____ Information shown
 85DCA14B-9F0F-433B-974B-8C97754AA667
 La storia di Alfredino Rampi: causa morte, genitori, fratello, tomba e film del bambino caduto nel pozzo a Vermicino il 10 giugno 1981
________
____ Information shown
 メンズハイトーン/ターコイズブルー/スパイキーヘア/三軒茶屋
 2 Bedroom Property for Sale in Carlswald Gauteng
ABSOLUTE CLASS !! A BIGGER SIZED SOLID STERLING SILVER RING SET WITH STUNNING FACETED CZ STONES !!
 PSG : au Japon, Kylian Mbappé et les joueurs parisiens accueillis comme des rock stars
________
What the exercise asks:
For the lines above, output exactly those from the line containing "メンズハイトーン/ターコイズブルー/スパイキーヘア/三軒茶屋" through the line containing "PSG : au Japon, Kylian", and skip the others.

The completed task:
 メンズハイトーン/ターコイズブルー/スパイキーヘア/三軒茶屋
 2 Bedroom Property for Sale in Carlswald Gauteng
ABSOLUTE CLASS !! A BIGGER SIZED SOLID STERLING SILVER RING SET WITH STUNNING FACETED CZ STONES !!
 PSG : au Japon, Kylian Mbappé et les joueurs parisiens accueillis comme des rock stars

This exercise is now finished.